The 4C Coupe offers ‘affordable’ Italian exotica
CASEY WILLIAMS | Auto Reviewer
Probably like most of you, I admire mid-engine Italian exotics from Ferrari and Lamborghini for their beauty and brawn. Sexy bodies, carbon fiber structures and handling of the gods raise them up. There’s a finesse to Italian cars that underlines their nation’s heritage. Most of these rides cost well into six or seven figures… but not the Alfa Romeo 4C.
It gets noticed. Last evening, my husband came to me and said some strange guy stopped his car and was taking photos of the Alfa in our driveway. Near the Indianapolis Motor Speedway, people were taking selfies with it. Points and stares are part of the experience with this little red toy.
Styling is inspired by the 1967 Alfa Romeo Stradale. From the rear, wide with lower diffuser and round taillamps, it could be mistaken for a Ferrari. It’s a small car with Alfa Romeo’s trademark “plunging neckline” grille up front. Plastic bodywork, single wiper, and 18/19-in. wheels front/rear ring of performance. Available Bi-Xenon headlamps, carbon fiber spoiler and carbon fiber Italian flag mirror caps add flash.
Flexing, bending and stooping over the wide threshold qualifies as exercise. Once inside, the cabin is roomy enough for two planted in red leather buckets. Our car’s leather-trimmed dash and doors with red stitching, suede flat-bottom steering wheel and exposed carbon fiber frame add allure. The air-conditioning froze my nuggins, and the flatscreen instruments worked flawlessly, but the ‘90s-vintage chicklet radio is cheesy even with thumping Alpine speakers attached to it.
Placed like a jewel in its setting, the mid-mounted turbocharged 4-cylinder engine is visible through the rear window. Displacing just 1.75 liters, but moving only 2,500 lbs., it conjures 237 horsepower to fling the car from 0-60 mph in 4.1 seconds on the way to a 160 mph top speed. You can leave the twin-clutch 6-speed transmission in auto mode or paddle-shift it yourself. A perfectly-tuned exhaust note and the sound of the turbos behind your head cause elation. Frugal fuel economy rates 24/34-MPG city/hwy.

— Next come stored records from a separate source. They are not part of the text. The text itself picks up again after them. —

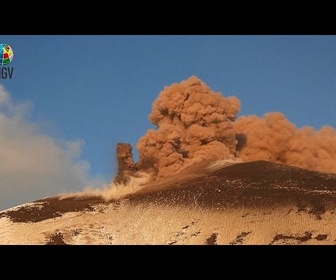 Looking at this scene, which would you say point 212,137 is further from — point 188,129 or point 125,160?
point 125,160

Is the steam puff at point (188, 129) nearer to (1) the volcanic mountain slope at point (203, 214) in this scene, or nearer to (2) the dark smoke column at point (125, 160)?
(2) the dark smoke column at point (125, 160)

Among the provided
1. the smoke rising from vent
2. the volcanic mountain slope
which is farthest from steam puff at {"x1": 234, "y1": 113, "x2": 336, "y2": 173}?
the volcanic mountain slope

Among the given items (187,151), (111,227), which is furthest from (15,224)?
(187,151)

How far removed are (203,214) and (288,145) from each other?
637 centimetres

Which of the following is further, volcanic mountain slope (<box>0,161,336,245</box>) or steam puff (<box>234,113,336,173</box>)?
steam puff (<box>234,113,336,173</box>)

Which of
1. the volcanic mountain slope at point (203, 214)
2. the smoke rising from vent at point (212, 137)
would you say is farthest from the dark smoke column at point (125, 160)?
the volcanic mountain slope at point (203, 214)

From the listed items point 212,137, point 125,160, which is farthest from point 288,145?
point 125,160

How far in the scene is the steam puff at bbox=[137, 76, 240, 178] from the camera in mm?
Result: 17031

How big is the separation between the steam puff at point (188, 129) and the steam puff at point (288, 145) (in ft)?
2.48

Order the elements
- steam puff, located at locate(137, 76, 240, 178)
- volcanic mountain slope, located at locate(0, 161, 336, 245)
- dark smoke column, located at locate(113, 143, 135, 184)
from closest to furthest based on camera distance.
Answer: volcanic mountain slope, located at locate(0, 161, 336, 245), dark smoke column, located at locate(113, 143, 135, 184), steam puff, located at locate(137, 76, 240, 178)

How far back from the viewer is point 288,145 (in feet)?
57.4

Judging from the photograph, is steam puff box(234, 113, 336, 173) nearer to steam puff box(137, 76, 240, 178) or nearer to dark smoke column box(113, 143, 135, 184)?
steam puff box(137, 76, 240, 178)

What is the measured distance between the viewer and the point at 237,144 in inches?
724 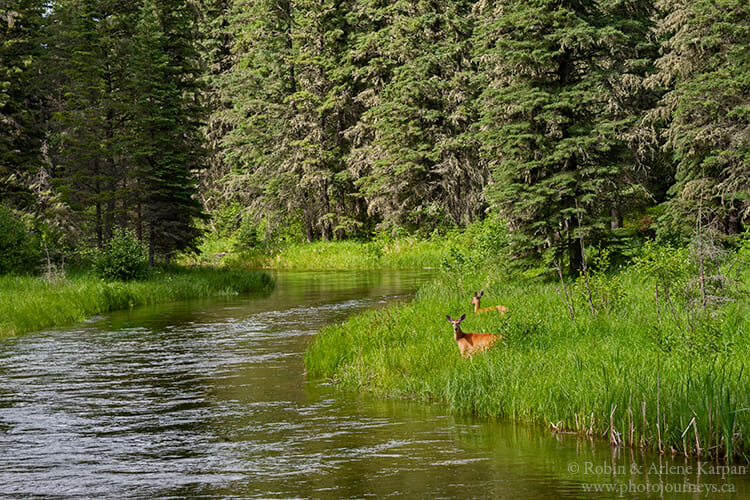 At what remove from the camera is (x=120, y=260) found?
28766mm

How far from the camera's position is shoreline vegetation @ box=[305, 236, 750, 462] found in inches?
344

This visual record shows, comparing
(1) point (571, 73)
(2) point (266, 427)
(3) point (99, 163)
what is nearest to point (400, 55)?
(3) point (99, 163)

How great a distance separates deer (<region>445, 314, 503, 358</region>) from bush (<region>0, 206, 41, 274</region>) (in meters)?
20.5

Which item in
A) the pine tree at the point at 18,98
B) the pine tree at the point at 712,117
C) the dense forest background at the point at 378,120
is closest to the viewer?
the dense forest background at the point at 378,120

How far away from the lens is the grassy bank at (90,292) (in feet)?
70.7

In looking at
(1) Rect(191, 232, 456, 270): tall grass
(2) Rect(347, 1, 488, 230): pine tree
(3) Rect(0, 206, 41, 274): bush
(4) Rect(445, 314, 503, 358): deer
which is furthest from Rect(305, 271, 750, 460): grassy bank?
(2) Rect(347, 1, 488, 230): pine tree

Handling is exquisitely balanced, but you’ll need to tone your arm muscles as the 4C goes without power steering. Honestly, the 4C doesn’t need it. You’ll have to wrench it at a dead stop, but it lightens up immediately after wheels start moving. Flipping through challenging switchbacks, or flat out on the highway, it was so nice not to have electrically power-assisted vagueness typical of today’s cars. Brembo brakes stop the car with a stiff leg.
But the car is still quite sophisticated. The carbon fiber monocoque body structure is incredibly rigid, allowing for light weight, but also enabling the little car to rumble over rough pavement with virtually no harshness reaching the cabin. The sport-tuned suspension is firm, but not brutal. You can tune the powertrain through Alfa Romeo’s DNA system — that’s Dynamic (sharp throttle, loud exhaust note), Natural (comfort setting) and Advanced Efficiency (maximizes fuel economy).
What if you want an open-air driving experience? Well, you have two choices. There is a 4C Spider that costs about $10,000 more,l or if you wish for a modern version of the classic front-engine Alfa Spiders, there’s always the Miata-based Fiat 124 across the showroom.
You can comfortably drive a Corvette cross-country, and the Porsche Cayman dresses like an Audi, but the 4C is for enthusiasts who want nothing polluting their driving experience. A base price of $55,900, or $71,045 as tested, puts this sexy little rocket well below those other Italian exotics from Maranello and Sant’Agata Bolognese.
This article appeared in the Dallas Voice print edition September 15, 2017.